Latest comment: 3 months ago by Prototyperspective
  • Important subject. If Wikidata is to become truly useful, then something needs to be done about those limits. For most major applications or types of items, it needs a far larger state of completion via mass-data-imports and these seem currently only feasible if sth is done about those technical limitations. Potential applications include Scholia charts about studies about a subject or by an author (maybe at some point altmetrics scores and citation counts can also be queried?), books data, documentary films, software, ingredients, products, companies, and so on. Think especially of where people use databases in their daily lives – isn't that where we'd like Wikidata to come in? Also worth noting is that one can now build SPARQL queries using natural language so it's become easier to query this vast dataset. Scaling isn't the only difficulty; it also needs people to actually do such imports (including Anna's Archive metadata about books I think) as well as the mostly archived/stale bot requests and it probably needs some way to lock items or most properties thereof because it's not feasible to watch millions of items (alternatively better patrolling tools). It does seem like genuine innovations and out of the box thinking is needed to solve this problem of the technical limits. --Prototyperspective (talk) 01:08, 14 February 2026 (UTC)Reply
@Prototyperspective: I hear you. For most of these, I think Wikidata's scaling really is the issue, because the datasets are available and we have been turning away Wikidata editors who would import them for a generation.

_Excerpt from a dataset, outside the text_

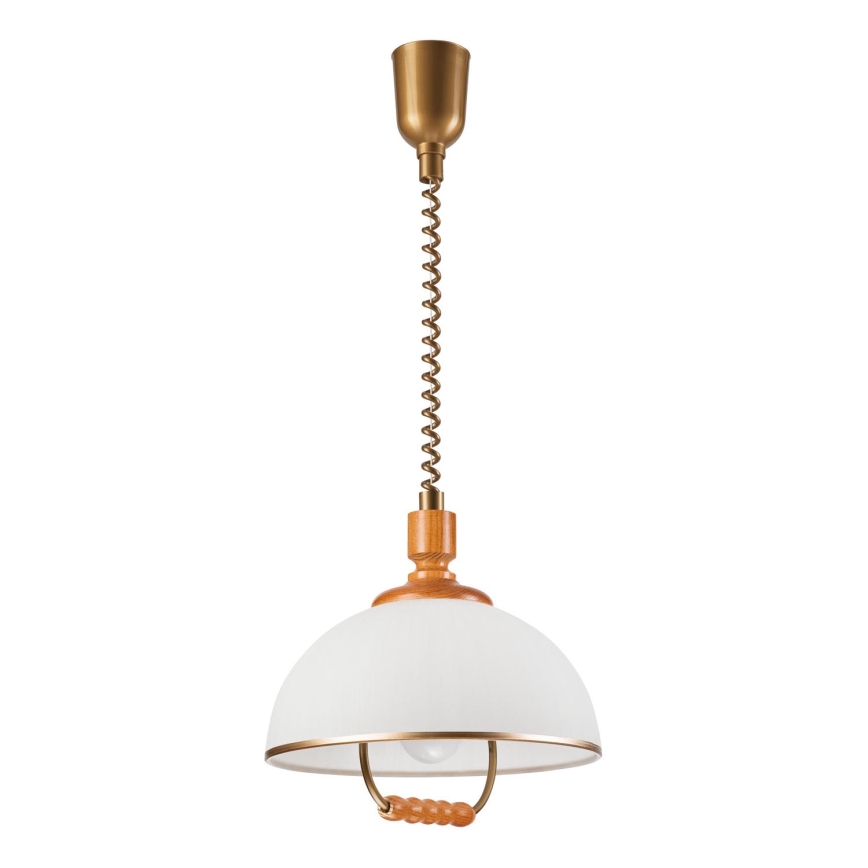 Hanglamp met trekkoord RAMONA 1xE27/60W/230V beige/bruin/grenen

✅ Scholia profile for main subject, for example https://qlever.scholia.wiki/topic/Q2002254
✅ Scholia profiles for authors, https://qlever.scholia.wiki/author/Q3063122
✅ citations for alt-metrics https://diff.wikimedia.org/2017/04/06/initiative-for-open-citations/
❌ books - despite existence of library catalogs, Wikidata modeling for books is among the more difficult projects
✅/❌ documentary films or films in general - no dataset exists. There is IMDB Letterboxd and themoviedb.org /TMDB, all of which claim that their dataset is closed and proprietary. Wikidata is already the world's best open movie dataset. For documentaries, there are identified academic datasets for films which are unpublished or self-published and have no major publisher or distributor. For example, there are many student or scholarly documentaries which may be university published. We can get those, people have tried in Wikidata but again no capacity right now.
✅software - https://doi.org/10.3897/rio.8.e94771
✅ ingredients
❌ products, we could, but other things are easier. I think we need a strategy to avoid commercial intrusion until we are established. I was Wikipedian at Consumer Reports and we made products like The Digital Standard, which evaluate ethical compliance with products. I think Wikidata would be a good place to collect product certifications, warnings, and ethical assessments.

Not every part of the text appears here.